- Other names: Diabetic papillitis
- Specialty: Ophthalmology
- Causes: Diabetes mellitus
- Diagnostic method: Fundus examination

= Diabetic papillopathy =

Diabetic papillopathy (also known as diabetic papillitis) is a disease affecting the optic nerve of the eye. It is an ocular complication of diabetes mellitus characterized by optic disc swelling and edema of optic nerve head.

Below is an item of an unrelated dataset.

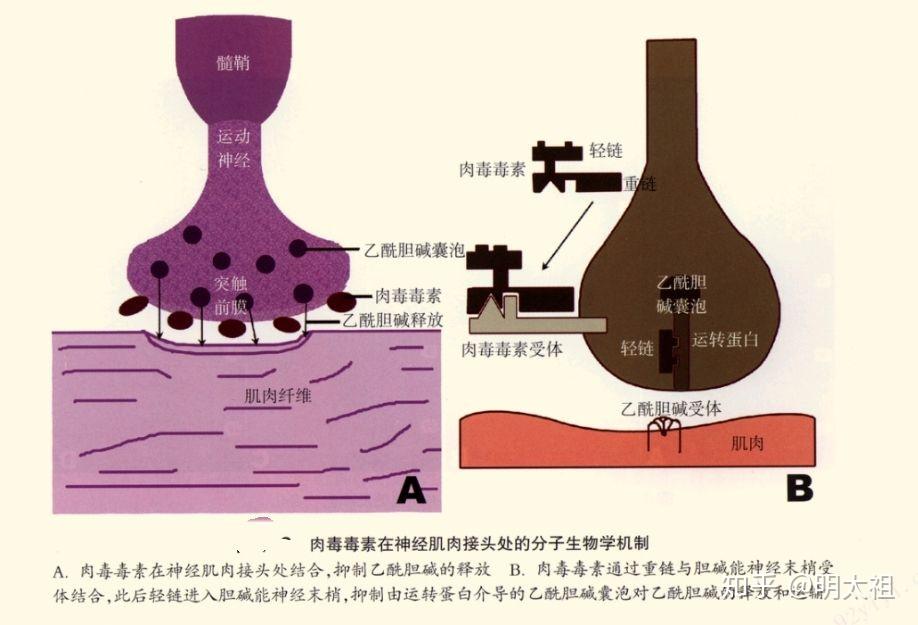 肉毒素可作用於周圍運動神經末梢,即神經突觸,抑制突觸前膜釋放乙酰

The condition may affect both type 1 and type 2 diabetic patients.

==Presentation==
Although there is optic disc edema, unlike other optic neuropathies, diabetic papillopathy is usually an asymptomatic eye disease. Signs of optic neuropathy such as a RAPD and dyschromatopsia are also absent. In rare cases, mild blurring of vision or mild visual field defects may occur.

==Pathophysiology==
Diabetic papillopathy is a self-limiting disease that may affect both type 1 and type 2 diabetic patients. Unilateral or bilateral optic disc edema may occur. The exact etiology, pathogenesis and mechanism of the disc edema is unknown. Theories suggest that the dis edema is due to retinal vascular leakage into and surrounding the optic nerve and disruption of axoplasmic flow resulting from microvascular disease of the optic nerve head. Edema is seen in and around the optic nerve head also. Intraretinal hemorrhages and hard exudates may also be seen.

==Diagnosis==
Currently accepted criteria for diagnosis of diabetic papillopathy include:
- Presence of diabetes mellitus (Appr. 70% type 1, 30% type 2)
- Optic disc edema (unilateral in 60% cases)
- Only mild optic nerve dysfunction

Disc edema is diagnosed by fundus examination using ophthalmoscopy or fundus photography. Fundus examination often reveals dilated telangiectatic vessels over the disc also.
===Differential diagnosis===
Diabetic papillopathy has many characteristics similar to Non-arteritic anterior ischemic optic neuropathy (NAION). Diabetic papillopathy is simultaneously bilateral and unlike AION, optic nerve function is not impaired in diabetic papillopathy. These are the two main clinical features that differentiate diabetic papillopathy from anterior ischemic optic neuropathy.

==Treatment==
There is no validated therapy for diabetic papillopathy. The disc swelling usually resolve spontaneously within 4-8 weeks. Intravitreal corticosteroids or anti–vascular endothelial growth factor therapy may be advised in some cases.
==Epidemiology==
Prevalence of diabetic papillopathy in diabetic patients is 1.4%. It occurs typically before the age of 30 in patients with good vision and mild non‐proliferative diabetic retinopathy.

==History==
In 1971, Lubow and Makley first described the disorder as Pseudopapilledema in a patient with juvenile diabetes mellitus, which was further elaborated in three case series published in 1980.